What you can say about “s/he” you can say about any body (including a media assemblage) under Deleuzean Spinozism, so I look forward to seeing the lines traced between insects and networked media in Parikka’s latest offering.
Parikka’s latest book also reminded me of Matthew Fuller’s ‘Art For Animals‘ piece, a text which recently revisited at STRP festival’s ‘Cloud Consciousness’ conference (alas I wasn’t lucky enough to see it). I recall reading Fuller’s piece as inspiration for the MAIM 2009 data jam, wherein I was going to alter the signal ecology of a public park by laying down hunting dog scents across the paths and grass to disrupt the usual walking methods of dog and owner. A little like psychogeography for dogs (though if we follow Harraway’s Companion Species Manifesto it would be trite to bracket it as only canine psychogeography)
Anyway, another book at the top of my wish list is Wirelessness by Adrian MacKenzie. And that provides the bridge between these two topics. Hertzian space is a persistently favoured topic of mine. Two videos recently came to my attention, the former of which speculatively maps what the EM field around us looks like and another which is developing novel and attention grabbing ways to do just that.
These videos are fine and dandy for imagining a spectrum that our sensory apparatus cannot apprehend. Indeed there is a certain irony in anyone who happens to watch these videos via a wifi connection. And not to take a pop at the tin foil hat brigade but accepted scientific opinion is that the electromagnetic frequency doesn’t have an effect on us. There are movements which deny this and to be honest I am sympathetic to cases which argue against the impact of high doses of radiation as I don’t hold that such a thing is beyond the realm of possibility. What is of greater interest for me here is looking into something which Julian Henrique developed in the Affect special issue of Body & Society.
In it he developed a notion of a rhythm analysis based vibrational ontology, one in which society is governed by frequency cycles. He develops the notion of patterns occuring in the audible range of sounds of affecting us, but he goes further to analyse repeating frequencies of calendar time, of movements within 24 hour cycles and so on. His critique provides a really interesting framework to understand, amongst other things, the transmission of affect. Rather than try and do it justice here (I’d wholeheartedly recommend you read the original article) I’ll try and mention what is relevant to the concerns of this post. What stuck out for me within Henriques analysis is a line which may have been throwaway for him (I haven’t yet had a chance to discuss with him) but which for me was massively inspirational (it was part of the conceptual bedrock of Contemplative Computing).
The key distinction begins with transverse waves and longitudinal waves.

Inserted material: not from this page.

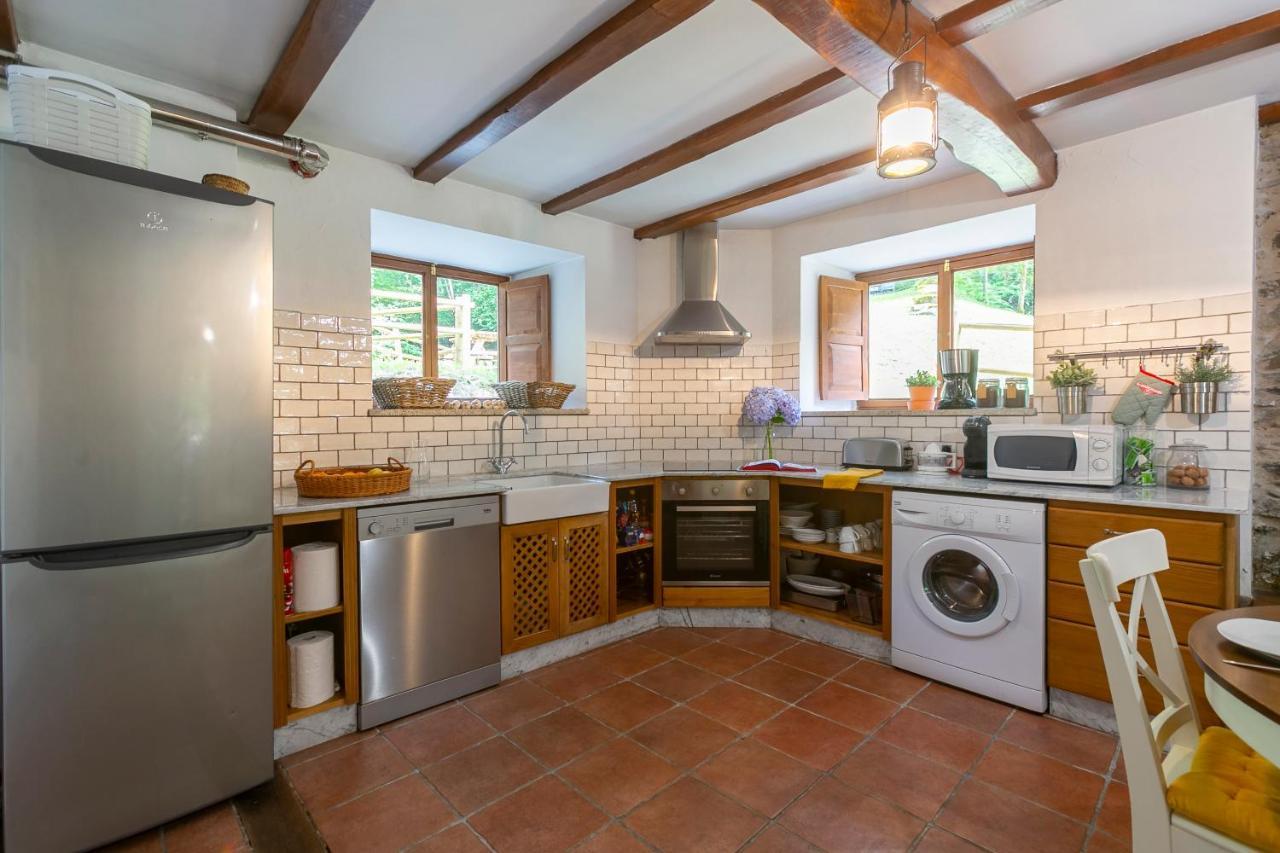 Casas Del Molino - Muinos Do Mainzoso Turismo Rural Paderne ภายนอก รูปภาพ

The former is more typical of the light spectrum whereas the latter are what booms out of a soundsystem. Longitudinal waves require a medium to propagate within (whether that be air, water, or as important to Henrique’s [and indeed Steve Goodman’s similarly oriented analysis in Sonic Warfare] case the human body). I’ll quote Henrique’s discussion on the matter at length here:
“Riding these sound waves, as it were, we can imagine entering the set of equipment itself, via the trembling surface of the speaker cone, as the dancer describe above. We thereby leave the corporeal wavebands of bodily kinetics and mechanics of sound waves, for the material waveband of electromagnetic and electromechanical milieux. Here the frequency of the vibrations is considerably faster and their amplitude correspondingly reduced. The vibrations of the electromagnetic spectrum are tranverse waves, as distinct from the longitudinal sound waves discussed so far. Besides an occasional electrical voltage shock from the equipment, these are not frequencies to which the human body has sensitivity.”
own emphasis added: Henrique, J Body Society 16, no. 1 (March 1, 2010) pp55 – 79
Thus as far as I can gather most of what Henriques methodology for rhythmanalytically considering an affective sound ecology could be extended to other creatures who might have sensitivity to these waves.

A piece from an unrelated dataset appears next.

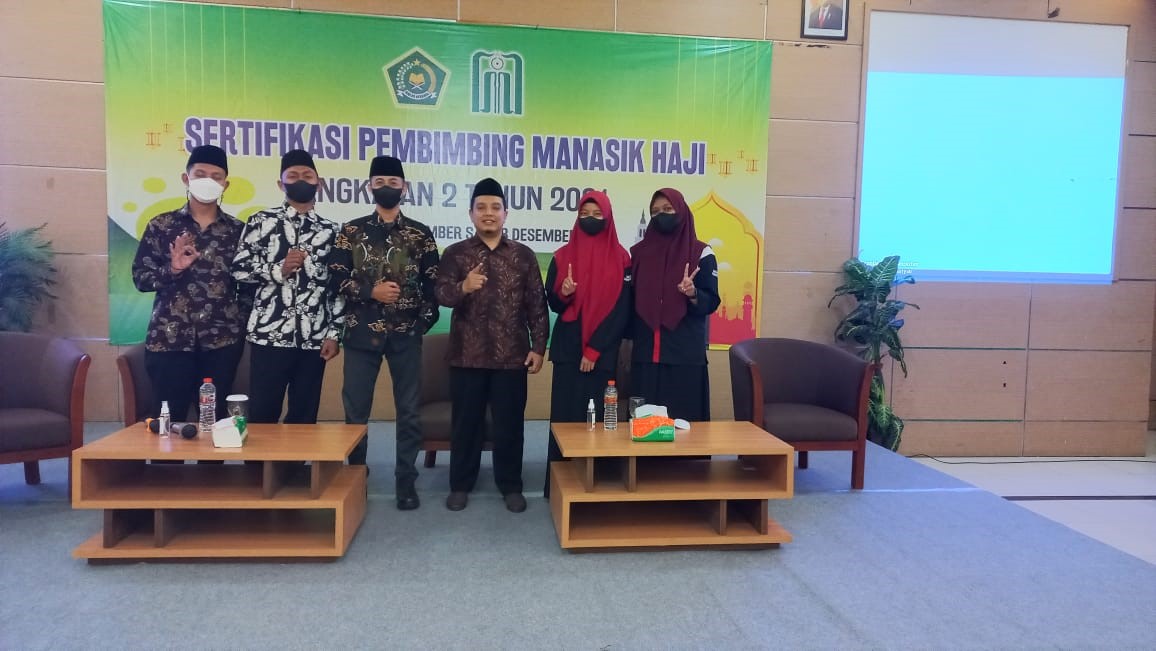 Pentingngnya Mengenal Tempat-Tempat Ziarah Makkah Madinah Oleh Dr. H. Ahmad Nurcholis, SS.M.Pd. (Kajur Manajemen Dakwah UIN SATU Tulungagung)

Which just about brings us full circle to what I started this ramble about. Having read about insect media I was told by my father that cockroaches were attracted to the low voltage given off by a computer. I think I need an expert entomologist to educate me one way or another as while there appears to be lots of anecdotal evidence of cockroach (and ant) infestastions within computers opinion seems to be divided upon whether its food, warmth or the electrical hum that attracts them. That electrical hum would indeed emit a frequency of vibrations to which no part of our anatomy would be sensitive to. For an idea of what it MIGHT be akin to have a look/listen at Condemned Bulbs.

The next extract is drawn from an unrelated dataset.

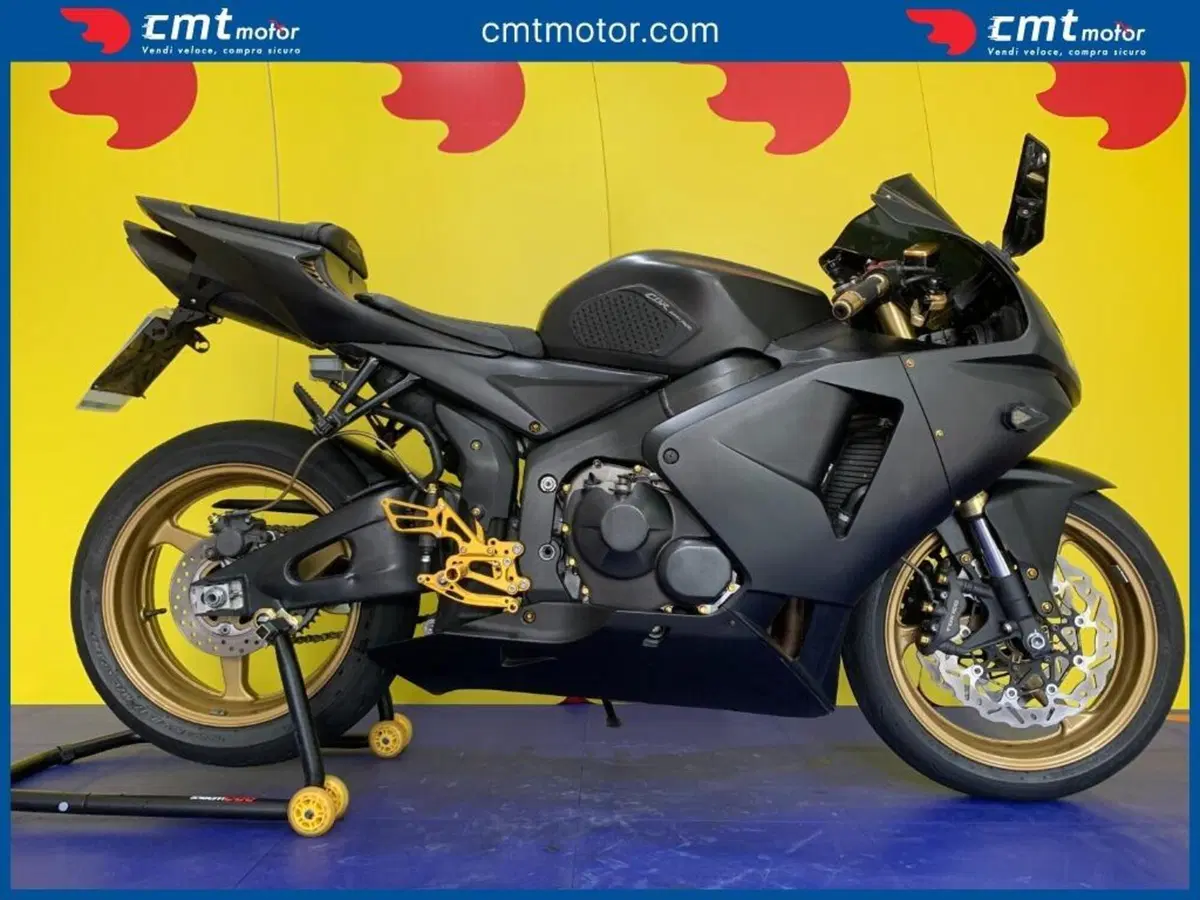 Honda CBR 600 RR (2005 - 06)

For now I want to proceed in the assumption that the cockroaches are anatomically drawn to the particular frequency vibrations emitted by a computer. Because there is certainly evidence of pest control using similar strategies to deter them. And the point made about hertzian radiation contributing to colony collapse disorder (CCD) amongst bees and possibly even impacting upon trees (although this study is now somewhat contentious). All of this reminds me of the wonderful Truce project which used computers to bring mosquito frequencies in line with human song.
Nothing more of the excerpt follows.